Auch die Regeln des Umsatzsteuerrechts sollten Gründer kennen. „Bei der Kleinunternehmerregelung kann es sich ein Betrieb aussuchen, ob er seine Produkte mit oder ohne Umsatzsteuer verkaufen möchte“, erklärt Anita Käding vom Bund der Steuerzahler. Allerdings nur, wenn der Jahresumsatz unter 17 500 Euro liegt. Aber Achtung: „Die 17 500 Euro gelten für das Kalenderjahr“, sagt Käding. „Wenn ich mein Unternehmen im Dezember eröffne, gilt für mich nur ein Zwölftel des Betrags.“
Die größte Steuerfalle, in die Gründer tappen können, ist aber eine andere. Fehler in der Jahressteuererklärung rächen sich schnell in Form von Nachforderungen im fünfstelligen Bereich.
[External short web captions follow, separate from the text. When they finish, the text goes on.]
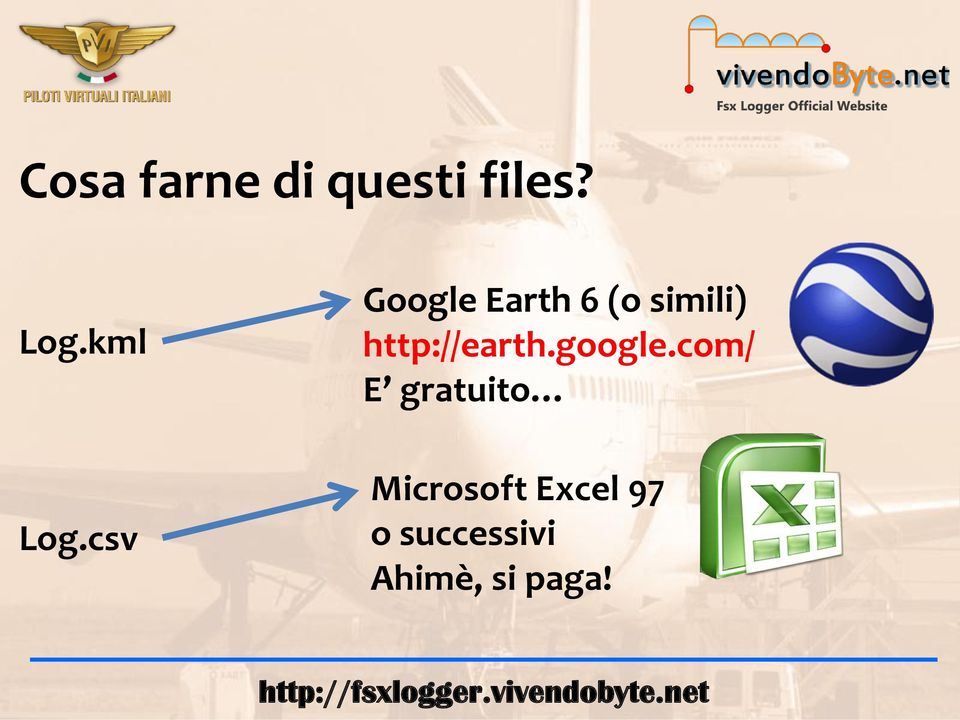 csv Google Earth 6 (o simili)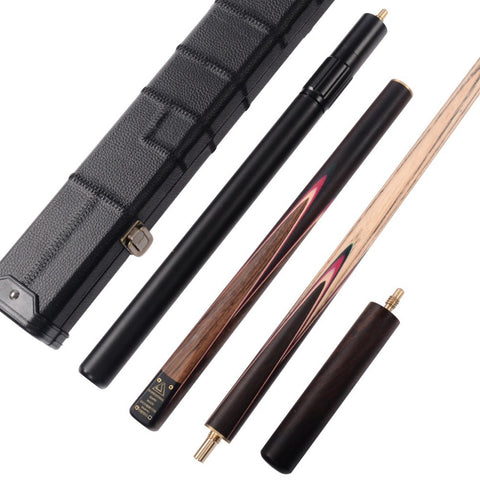 Classic Handmade 57 Inch Rosewood 3/4 Piece Snooker Cue + Black Cue Case and Cue Extension - Nichze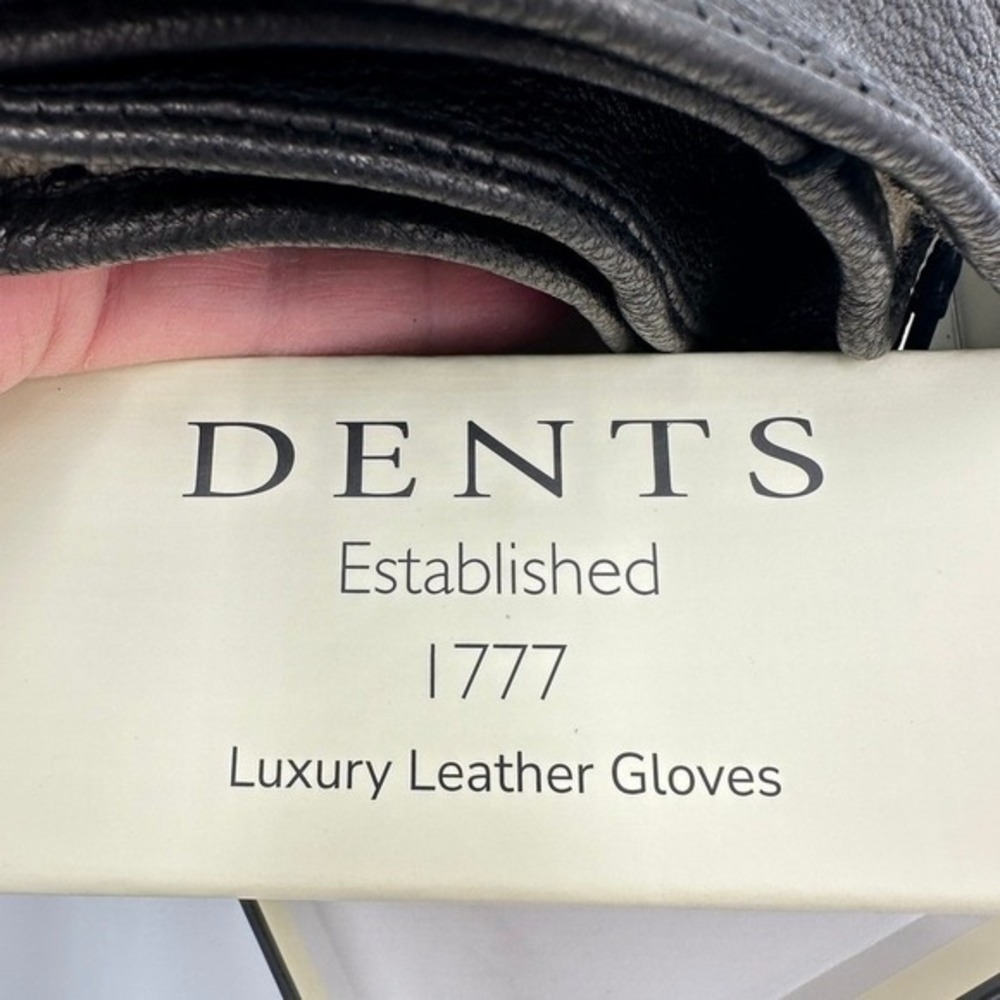 Dents Luxury Leather Gloves Mens Size Med Dark Brown Winter Driving Gloves NIB - Picture 4 of 8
Das kann jungen Unternehmen unter Umständen das Genick brechen.
Vor allem, weil eine Steuererklärung mitunter lange bearbeitet wird und dann rückwirkend gilt. „Eine Steuererklärung muss regulär bis spätestens 31. Mai des Folgejahrs abgegeben werden“, sagt Käding. Wenn sie von einem Steuerberater angefertigt wird, ist bis Ende Dezember Zeit und in Ausnahmefällen auch länger. In diesem Fall kommt der Bescheid wahrscheinlich im ersten Quartal des nächsten Jahres zurück zum Gründer.
Errechnet das Finanzamt dann eine Steuerschuld, kommt der große Schock: „Das Amt verlangt nämlich eine Nachzahlung für 2012 und denselben Betrag ein weiteres Mal für 2013“, erklärt Markus Deutsch vom Deutschen Steuerberaterverband (DStV). Hinzu kommt eine entsprechende Vorauszahlung für das Vierteljahr.
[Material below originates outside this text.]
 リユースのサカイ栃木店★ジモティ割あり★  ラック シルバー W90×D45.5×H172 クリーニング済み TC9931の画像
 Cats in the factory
Dem Schuldner bleibt kaum etwas anderes übrig, als zu zahlen. „Eine Ratenzahlung ist im Ausnahmefall möglich“, sagt Deutsch. Allerdings müsse sich der Schuldner dann an strenge Vorgaben halten. Er kann auch mit dem Finanzamt über eine Stundung sprechen.
„Das Finanzamt zeigt sich normalerweise kulant, wenn der Gründer einen Ratenplan vorlegt und guten Willen zeigt“, erklärt Anita Käding. Ansonsten hilft nur noch eins: „Zähne zusammenbeißen und durch.“ Im Notfall kann das Finanzamt verlangen, dass ein Kredit zur Tilgung der Steuerschuld aufgenommen wird.
Unternehmer sollten daher Vorsichtsmaßnahmen treffen. Etwa mit dem Investitionsabzugsbetrag: Teure Anschaffungen können bereits vor der Existenzgründung abgeschrieben werden. „Schon drei Jahre vor der Anmeldung eines Betriebs können sie in die Steuererklärung aufgenommen werden“, erläutert Markus Deutsch. Die Wirtschaftsgüter müssen aber bis zum dritten Jahr nach Bildung des Abzugsbetrags angeschafft oder hergestellt werden. Sonst fällt die Förderung rückwirkend weg.
Ein weiterer Tipp: „Legen Sie von Anfang an einen Betrag zurück, um bei einer Forderung nicht in allzu große finanzielle Schwierigkeiten zu kommen“, rät Deutsch. Und es kann nie schaden, sich im Voraus mit dem Steuerrecht zu beschäftigen. „Gewisse Grundkenntnisse über Pflichten in der Selbstständigkeit sollten schon vor der Gründung da sein“, sagt Jens Gewinnus. Schon allein, um zu wissen, ob der Gang zum Steuerberater nicht doch sinnvoll ist.